:: Exercise prompt ::
One range is to be output from the listing below, exactly as written: the line with "Fresa Hss-Co 2 Labios Punta Bola Osawa WSB2" to the line with "Dacia Duster Blue", both kept.

:: Raw data ::
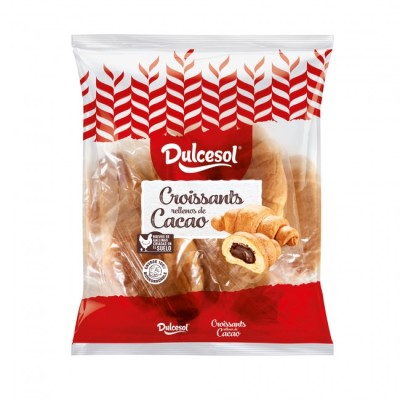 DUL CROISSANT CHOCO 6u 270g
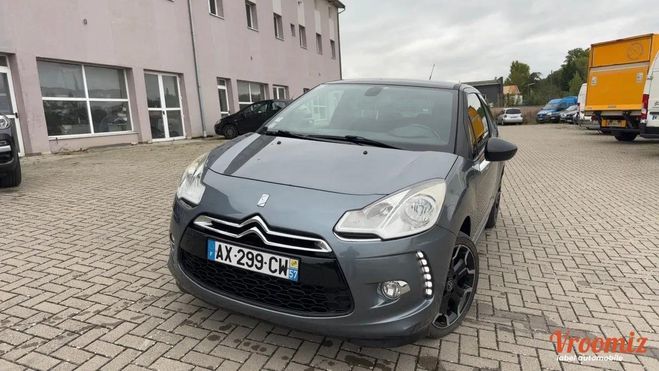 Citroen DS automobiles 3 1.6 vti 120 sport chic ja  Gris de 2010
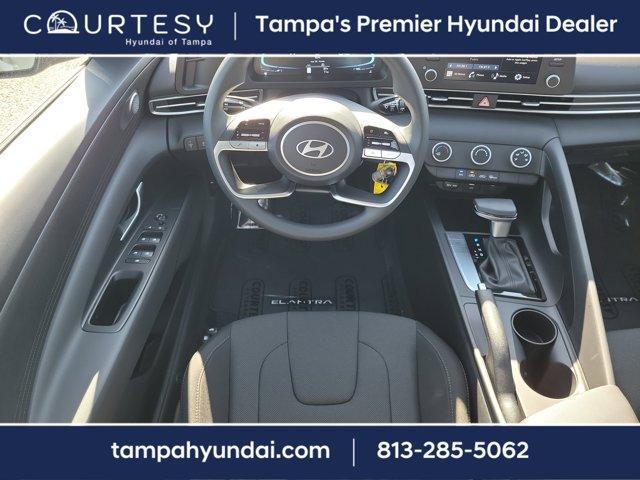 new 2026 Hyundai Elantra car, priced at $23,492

...

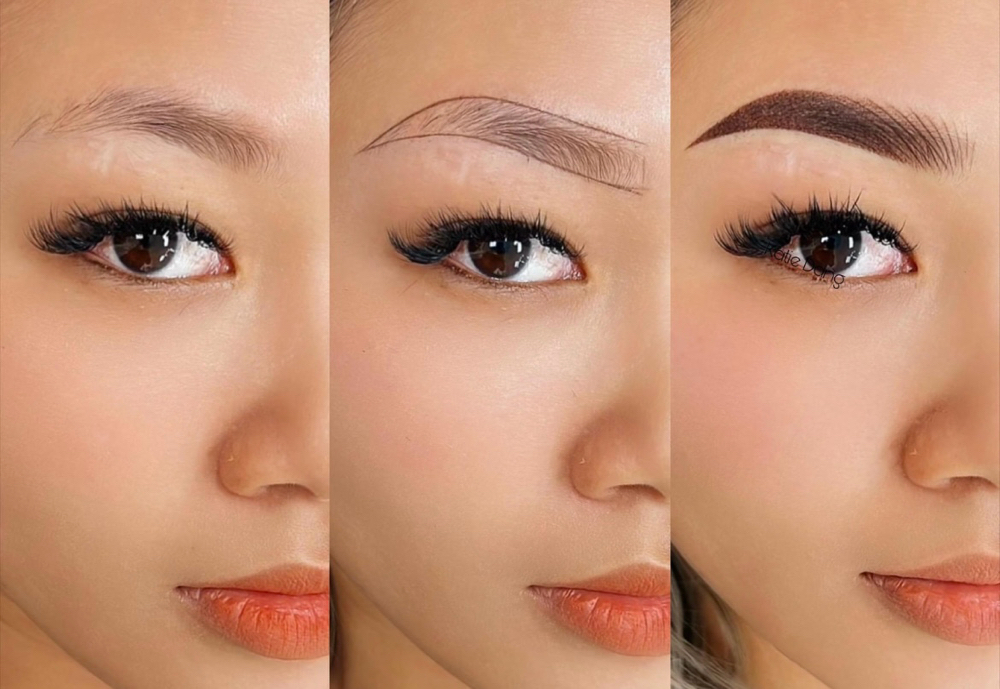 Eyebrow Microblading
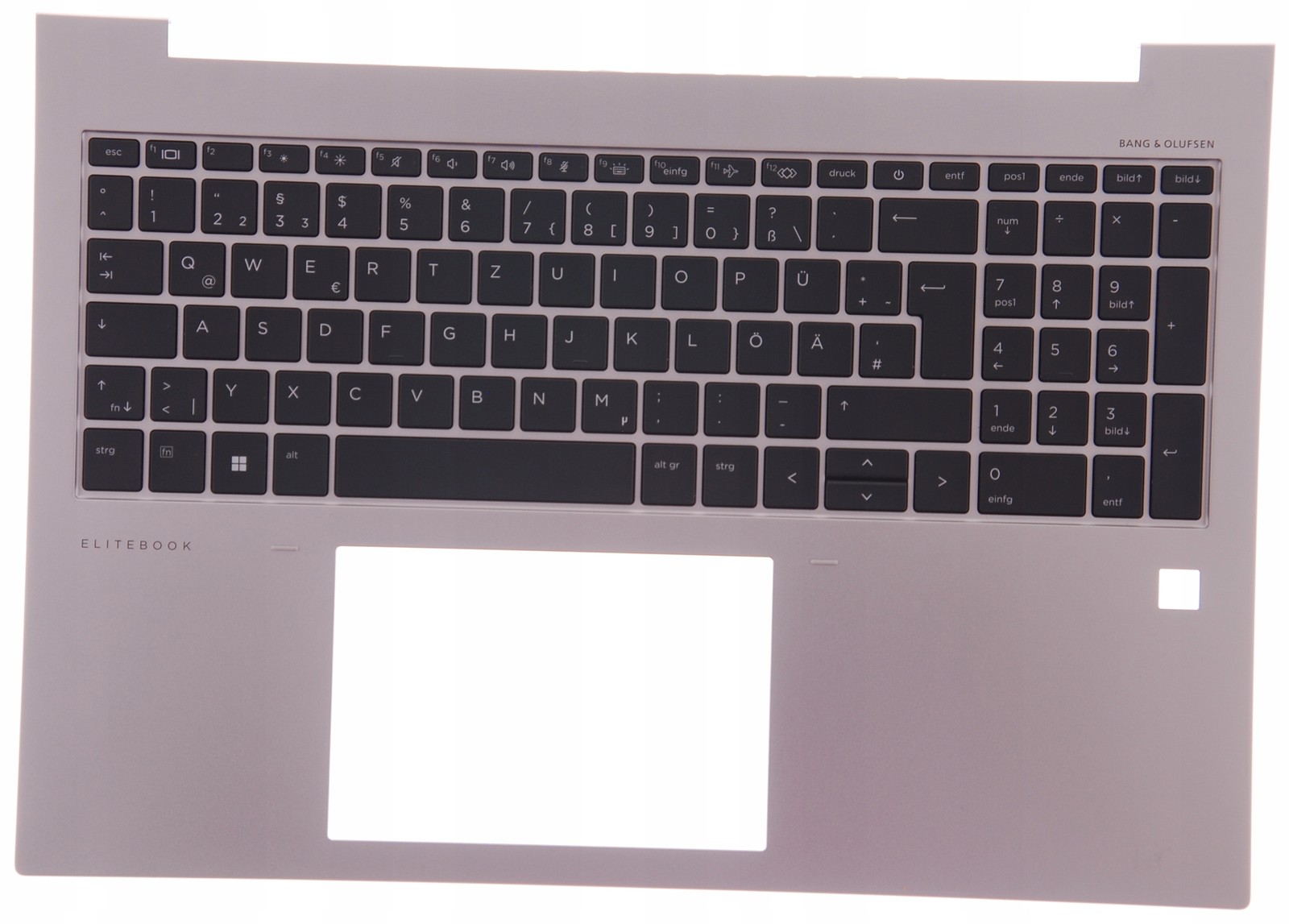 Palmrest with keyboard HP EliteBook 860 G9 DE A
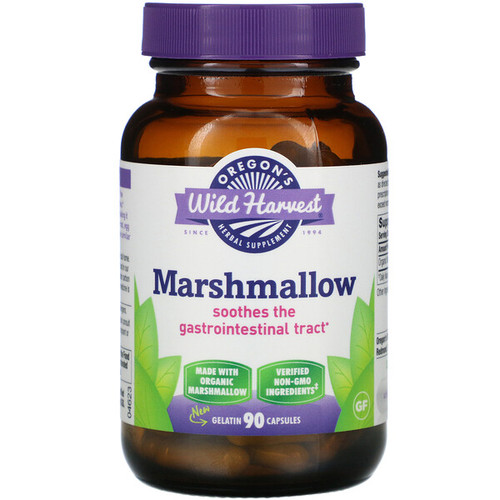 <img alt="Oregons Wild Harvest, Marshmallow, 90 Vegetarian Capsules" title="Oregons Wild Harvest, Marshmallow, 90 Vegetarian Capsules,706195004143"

---

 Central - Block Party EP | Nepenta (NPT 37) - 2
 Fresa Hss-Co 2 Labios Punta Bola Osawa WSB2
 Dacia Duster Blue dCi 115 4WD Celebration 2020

:: Problem solution ::
 Fresa Hss-Co 2 Labios Punta Bola Osawa WSB2
 Dacia Duster Blue dCi 115 4WD Celebration 2020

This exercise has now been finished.